# Stored data
== == ==

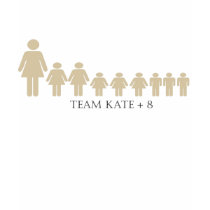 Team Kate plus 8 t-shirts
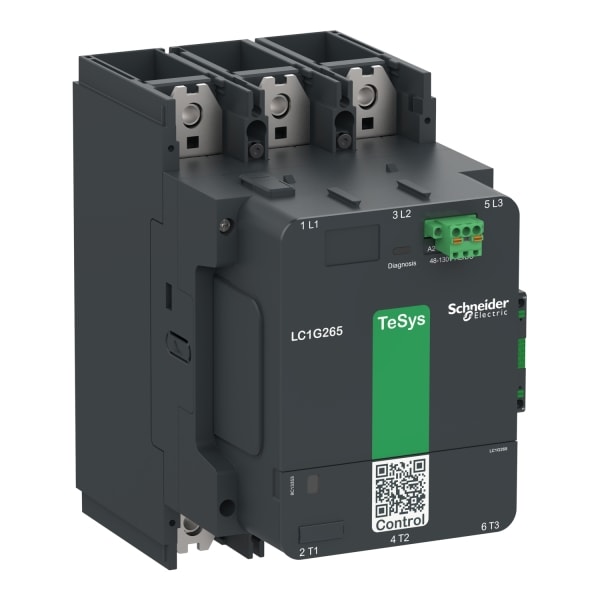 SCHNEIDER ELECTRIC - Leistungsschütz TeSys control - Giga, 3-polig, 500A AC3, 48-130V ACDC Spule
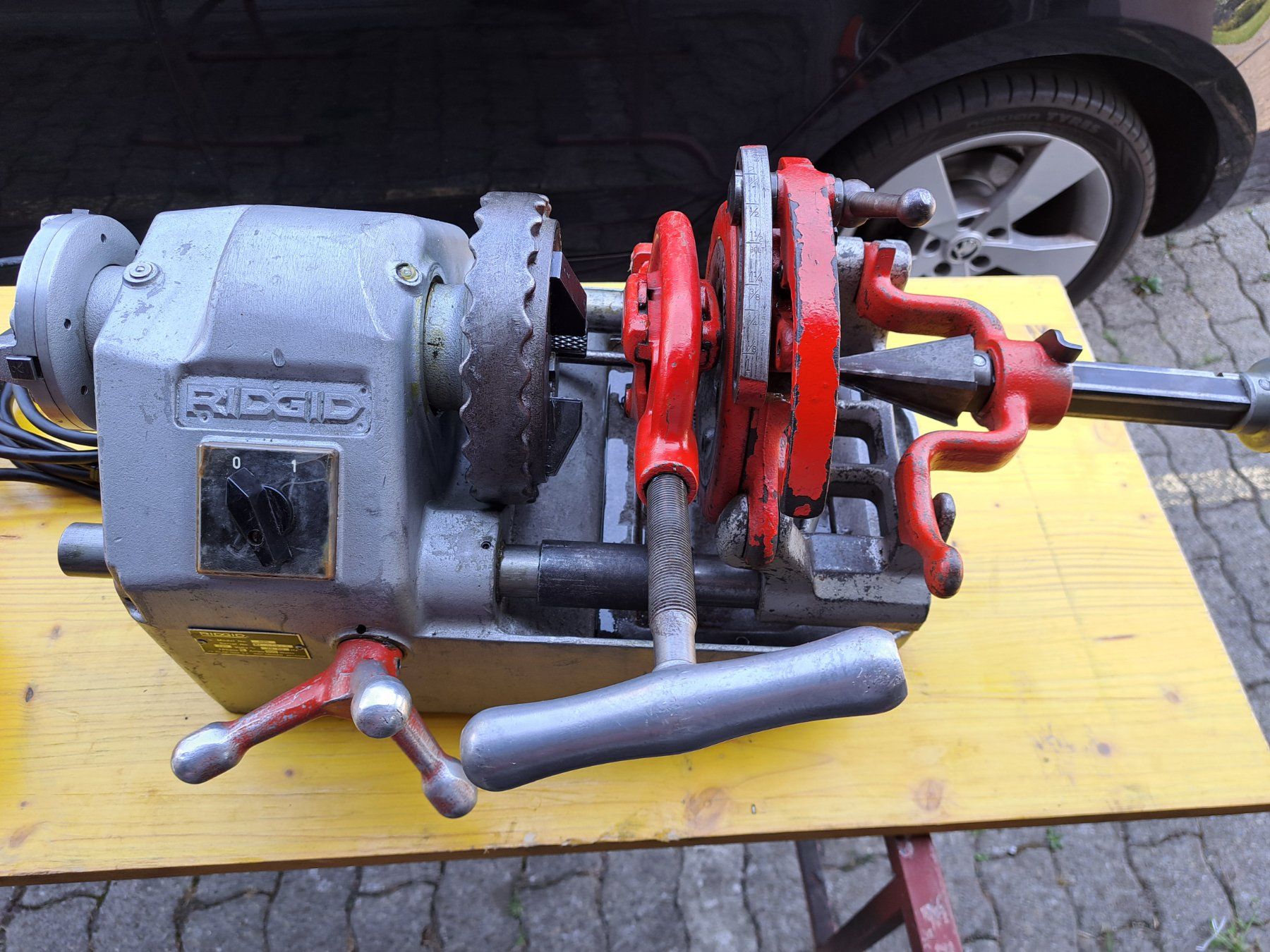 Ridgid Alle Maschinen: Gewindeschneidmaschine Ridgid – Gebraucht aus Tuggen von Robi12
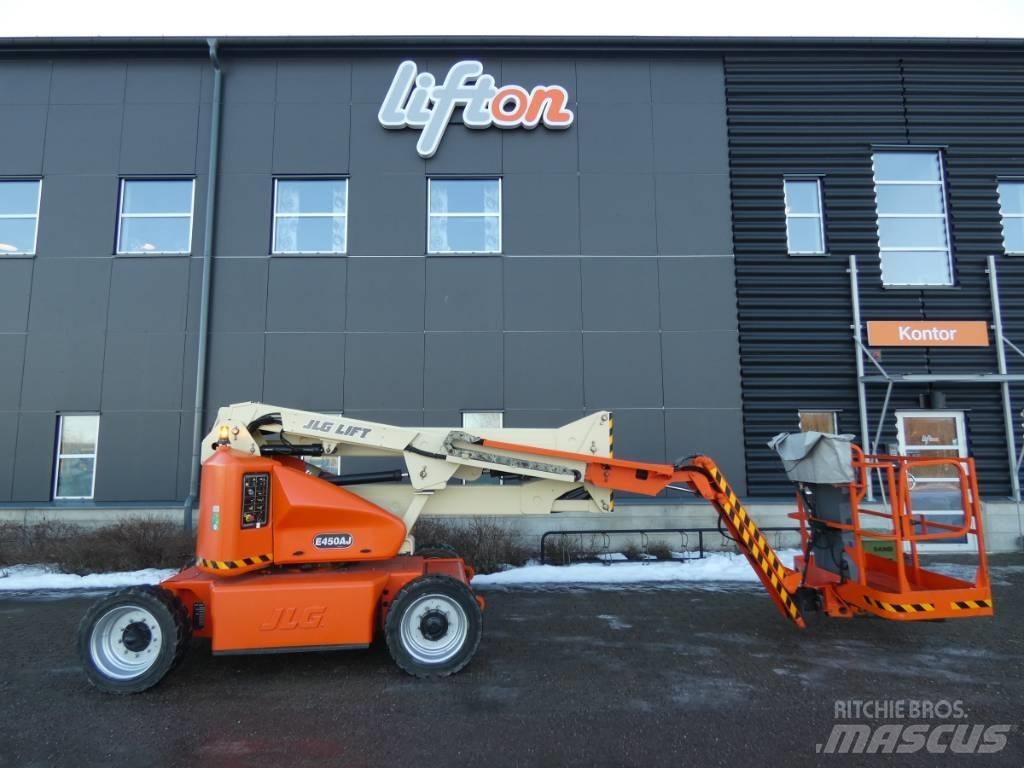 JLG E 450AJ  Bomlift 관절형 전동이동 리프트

== == ==

# Task description
The listing must be repeated word for word, and none of its pictures may appear in the copy.

# Answer section
 Team Kate plus 8 t-shirts
 SCHNEIDER ELECTRIC - Leistungsschütz TeSys control - Giga, 3-polig, 500A AC3, 48-130V ACDC Spule
 Ridgid Alle Maschinen: Gewindeschneidmaschine Ridgid – Gebraucht aus Tuggen von Robi12
 JLG E 450AJ  Bomlift 관절형 전동이동 리프트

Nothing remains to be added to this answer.